EXERCISE AIM: The records that follow are to be reproduced exactly. Any pictures in them are left out.

DATA FOR REVIEW:
━━━━━━━━━━━━━━━━━━━━

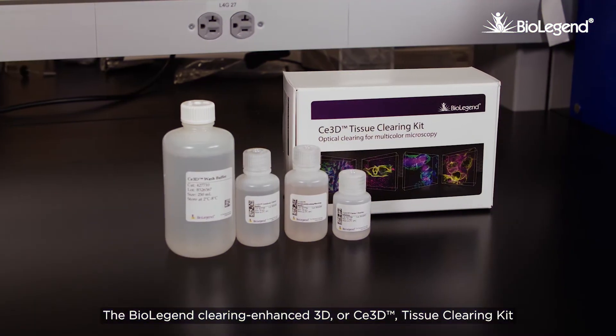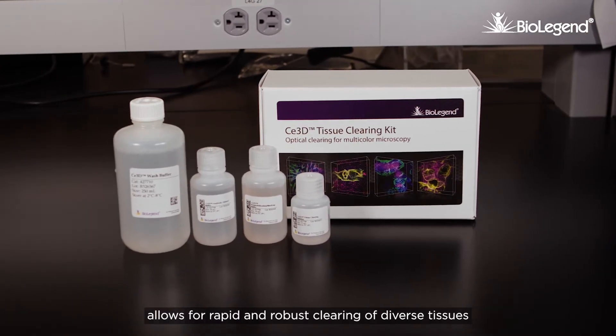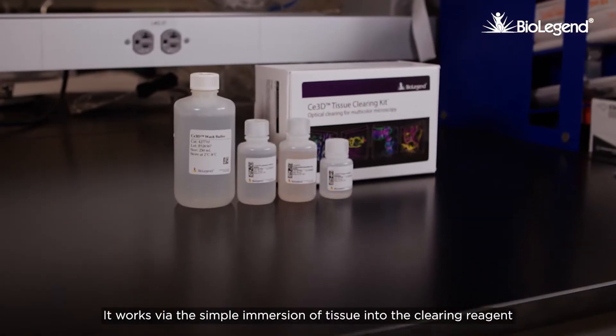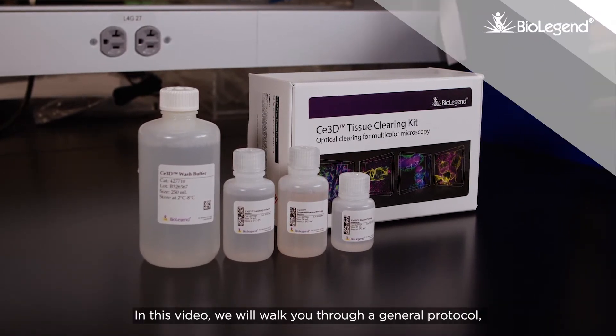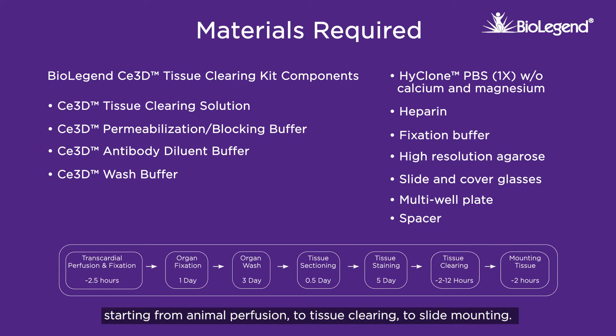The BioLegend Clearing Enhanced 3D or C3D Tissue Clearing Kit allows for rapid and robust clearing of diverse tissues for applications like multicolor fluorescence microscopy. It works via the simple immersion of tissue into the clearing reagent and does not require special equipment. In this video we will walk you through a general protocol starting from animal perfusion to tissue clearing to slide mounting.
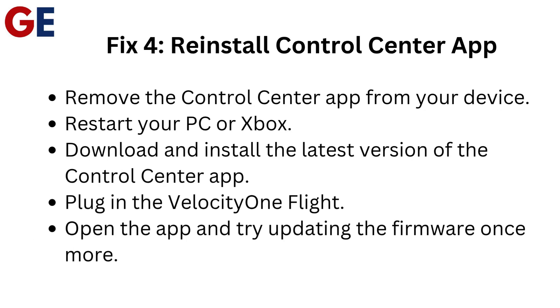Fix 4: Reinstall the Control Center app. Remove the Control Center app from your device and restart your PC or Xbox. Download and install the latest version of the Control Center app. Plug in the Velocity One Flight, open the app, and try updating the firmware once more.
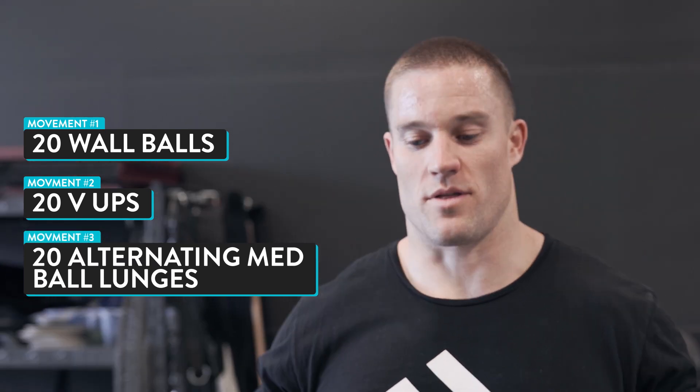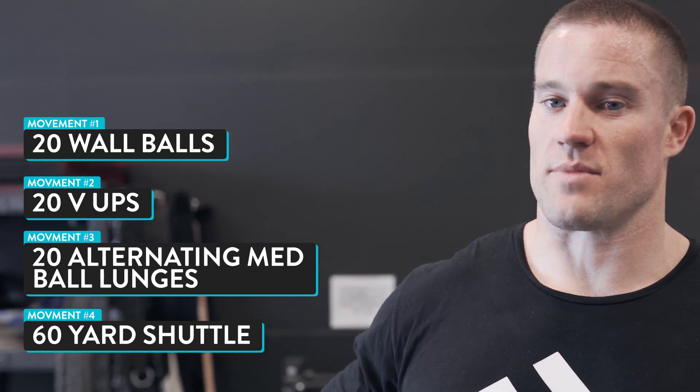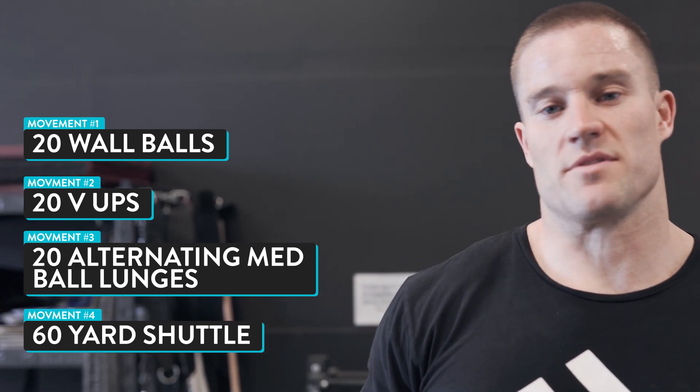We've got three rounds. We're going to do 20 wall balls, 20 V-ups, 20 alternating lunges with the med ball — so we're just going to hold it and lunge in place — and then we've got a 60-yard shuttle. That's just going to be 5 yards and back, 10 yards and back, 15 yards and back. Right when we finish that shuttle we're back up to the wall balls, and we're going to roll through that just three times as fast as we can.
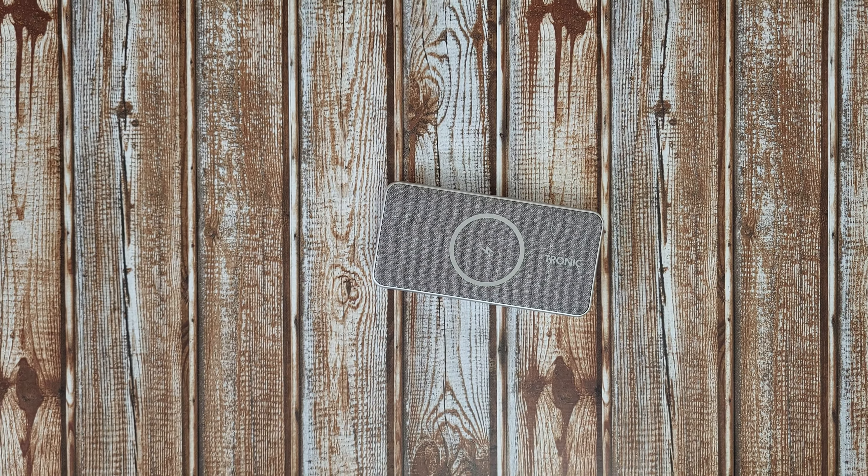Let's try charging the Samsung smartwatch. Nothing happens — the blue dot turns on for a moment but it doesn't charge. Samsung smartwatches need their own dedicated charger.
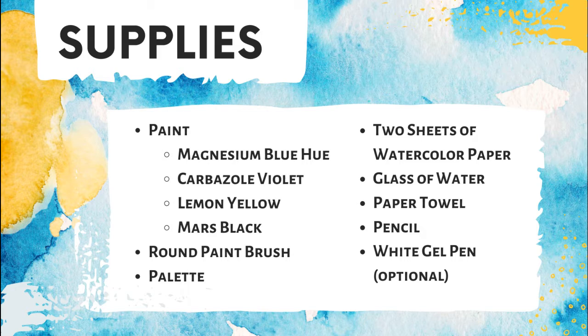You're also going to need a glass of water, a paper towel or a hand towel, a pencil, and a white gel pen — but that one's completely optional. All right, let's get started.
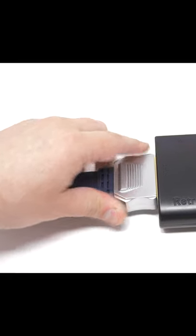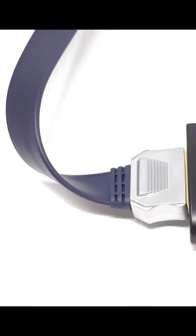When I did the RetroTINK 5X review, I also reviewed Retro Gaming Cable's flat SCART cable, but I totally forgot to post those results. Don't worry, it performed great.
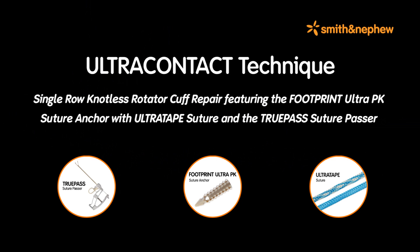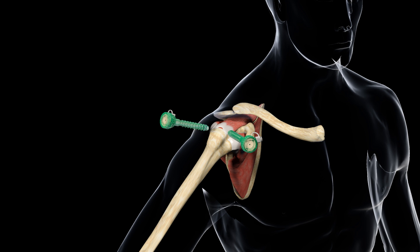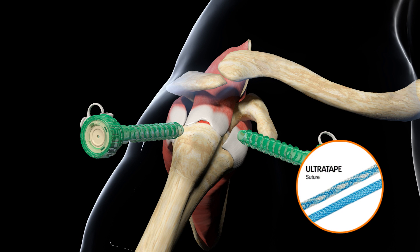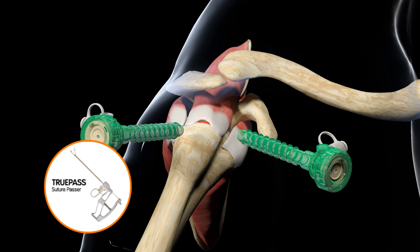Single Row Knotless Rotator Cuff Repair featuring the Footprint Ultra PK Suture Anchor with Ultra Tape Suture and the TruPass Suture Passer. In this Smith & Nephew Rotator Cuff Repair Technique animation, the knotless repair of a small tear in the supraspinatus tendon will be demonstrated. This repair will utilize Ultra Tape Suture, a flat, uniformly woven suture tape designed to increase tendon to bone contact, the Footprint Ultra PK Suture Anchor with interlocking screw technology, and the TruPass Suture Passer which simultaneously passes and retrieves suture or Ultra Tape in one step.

━━━━━━━━━━━━━━━━━━━━

EXERCISE OUTPUT:
The BioLegend Clearing Enhanced 3D or C3D Tissue Clearing Kit allows for rapid and robust clearing of diverse tissues for applications like multicolor fluorescence microscopy. It works via the simple immersion of tissue into the clearing reagent and does not require special equipment. In this video we will walk you through a general protocol starting from animal perfusion to tissue clearing to slide mounting.
Fix 4: Reinstall the Control Center app. Remove the Control Center app from your device and restart your PC or Xbox. Download and install the latest version of the Control Center app. Plug in the Velocity One Flight, open the app, and try updating the firmware once more.
We've got three rounds. We're going to do 20 wall balls, 20 V-ups, 20 alternating lunges with the med ball — so we're just going to hold it and lunge in place — and then we've got a 60-yard shuttle. That's just going to be 5 yards and back, 10 yards and back, 15 yards and back. Right when we finish that shuttle we're back up to the wall balls, and we're going to roll through that just three times as fast as we can.
Let's try charging the Samsung smartwatch. Nothing happens — the blue dot turns on for a moment but it doesn't charge. Samsung smartwatches need their own dedicated charger.
You're also going to need a glass of water, a paper towel or a hand towel, a pencil, and a white gel pen — but that one's completely optional. All right, let's get started.
When I did the RetroTINK 5X review, I also reviewed Retro Gaming Cable's flat SCART cable, but I totally forgot to post those results. Don't worry, it performed great.
Single Row Knotless Rotator Cuff Repair featuring the Footprint Ultra PK Suture Anchor with Ultra Tape Suture and the TruPass Suture Passer. In this Smith & Nephew Rotator Cuff Repair Technique animation, the knotless repair of a small tear in the supraspinatus tendon will be demonstrated. This repair will utilize Ultra Tape Suture, a flat, uniformly woven suture tape designed to increase tendon to bone contact, the Footprint Ultra PK Suture Anchor with interlocking screw technology, and the TruPass Suture Passer which simultaneously passes and retrieves suture or Ultra Tape in one step.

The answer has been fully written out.